P.S. Wouldn't be the uber, ultimate gamer GPU ( with GPU cores split over 4 chiplets ) aimed primary at goosing frame rates higher on larger monitors. But as a balanced computational GPU this would probably would work find. ( so that kind of "speed" also. )

deconstruct60 · Jun 20, 2021

leman said:
8 channels of DDR5 will “only” give you around 400-500GB/s bandwidth, definitely not enough to compete with high-end GPUs Mac Pro currently uses, UMA or no UMA. And besides, you still have to populate all 8 slots. With $100 per module, that’s $800 for a starting memory config with subpar performance. Not really worth it.

The Intel/AMD chips also have x64+ bandwidth of PCI-e v4 to work with also. That is approximately 128GB/s ( 4 * 32GB/s ) of longer distance bandwidth. Crank the distance down it wouldn't be hard to crank the bandwidth up. There is a trade-off though in throwing away almost all of the off-die bandwidth for uses other than memory.

Apple uses eight channels on the M1. Why would some larger SoC with chip(s) with much larger circumference be stuck with the same eight? if the circumference of the die doubles then they can double the channles. Quadruples then can do the same thing.

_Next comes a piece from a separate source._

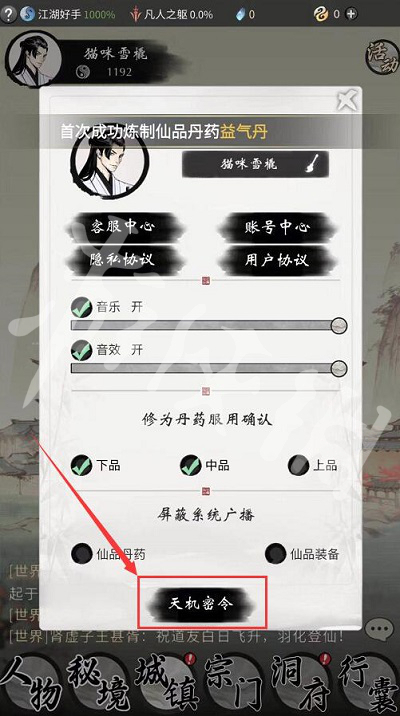 一念逍遥2024年10月密令(图3) 一念逍遥2024年10月密令(图3)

That looks nothing like what the generic DIMM market is aimed at.

The other presumption here is that they are actually trying to replace the highest or high end GPU options. Decent chance that isn't plan long term. Especially if uses are primarlly dropping in the top 2nd GPU almost solely to do GPGPU work. If Apple goes off on a Captain Ahab quest to subsume all dGPUs cards and loose the ability to get 32GB/s off of a second internal drive they could get into the "rob Peter to Pay Paul" zone for processing large data sets.

leman said:
It’s not that simple. UMA is amazing for certain workloads (like video processing), but not all GPU uses require constant data streaming between the CPU and the GPU. Apple can definitely get away with having less bandwidth, but their bandwidth-saving techniques won’t be able to overcome a difference of 500-600 G B/s…

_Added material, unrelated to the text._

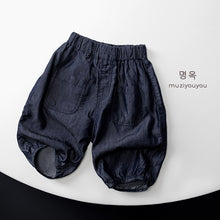 將圖片載入圖庫檢視器 25168PA-夏日兒童防蚊輕薄九分褲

Unified doesn't necessarily mean homogenous memory. It is cheaper to just do homogenious memory.
If Apple chucks ECC they can chuck having to implement support for that in the controller ( and no ... DDR doesn't get rid of ECC. on RAM module ECC is different that system ECC. ). Apple also get rid of inventory configurations with unified memory.
Customer A need 10GB VRAM
Customer B needs 30GB VRAM
Customer C needs 40GB VRAM

hand them all 64GB of Unified RAM and most can all allocate into a single SKU. Fewer SKU and lower inventory complexity ... Apple is happy.

diamond.g · Jun 20, 2021

deconstruct60 said:
The Intel/AMD chips also have x64+ bandwidth of PCI-e v4 to work with also. That is approximately 128GB/s ( 4 * 32GB/s ) of longer distance bandwidth. Crank the distance down it wouldn't be hard to crank the bandwidth up. There is a trade-off though in throwing away almost all of the off-die bandwidth for uses other than memory.

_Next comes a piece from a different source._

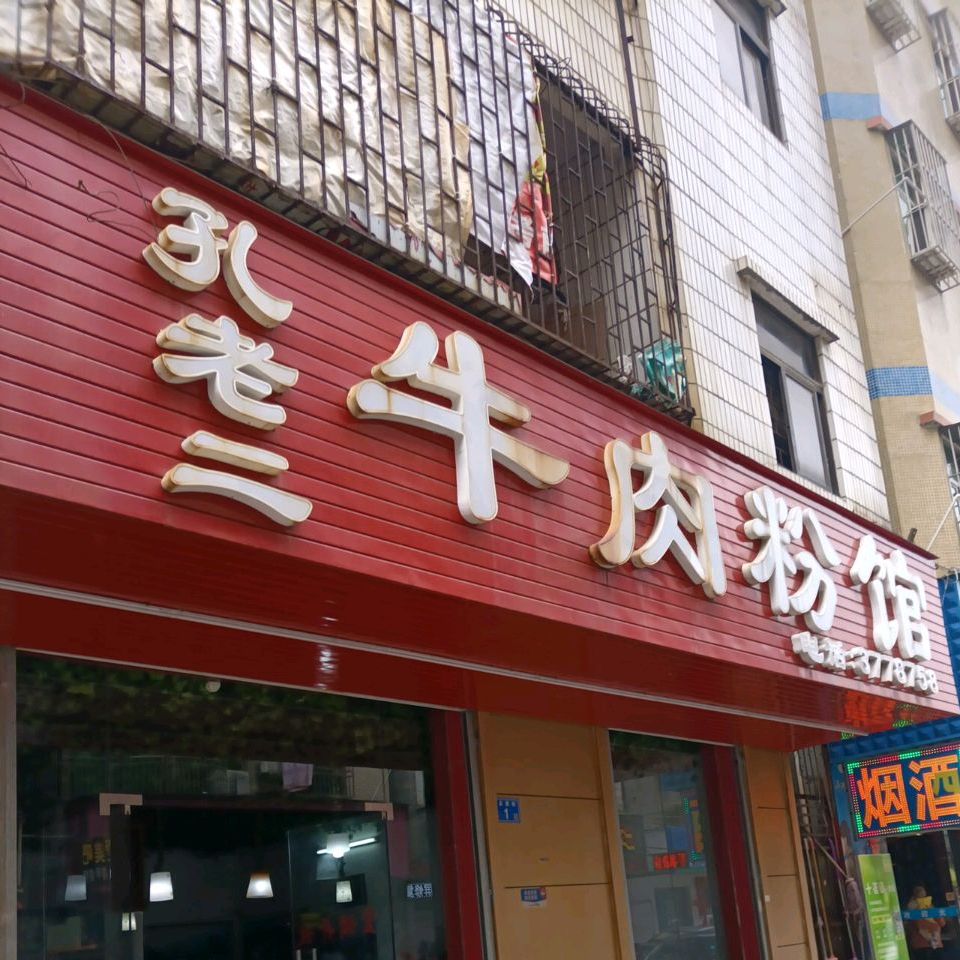 孔老二牛肉粉馆(承修路店)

Apple uses eight channels on the M1. Why would some larger SoC with chip(s) with much larger circumference be stuck with the same eight? if the circumference of the die doubles then they can double the channles. Quadruples then can do the same thing.

That looks nothing like what the generic DIMM market is aimed at.

The other presumption here is that they are actually trying to replace the highest or high end GPU options. Decent chance that isn't plan long term. Especially if uses are primarlly dropping in the top 2nd GPU almost solely to do GPGPU work. If Apple goes off on a Captain Ahab quest to subsume all dGPUs cards and loose the ability to get 32GB/s off of a second internal drive they could get into the "rob Peter to Pay Paul" zone for processing large data sets.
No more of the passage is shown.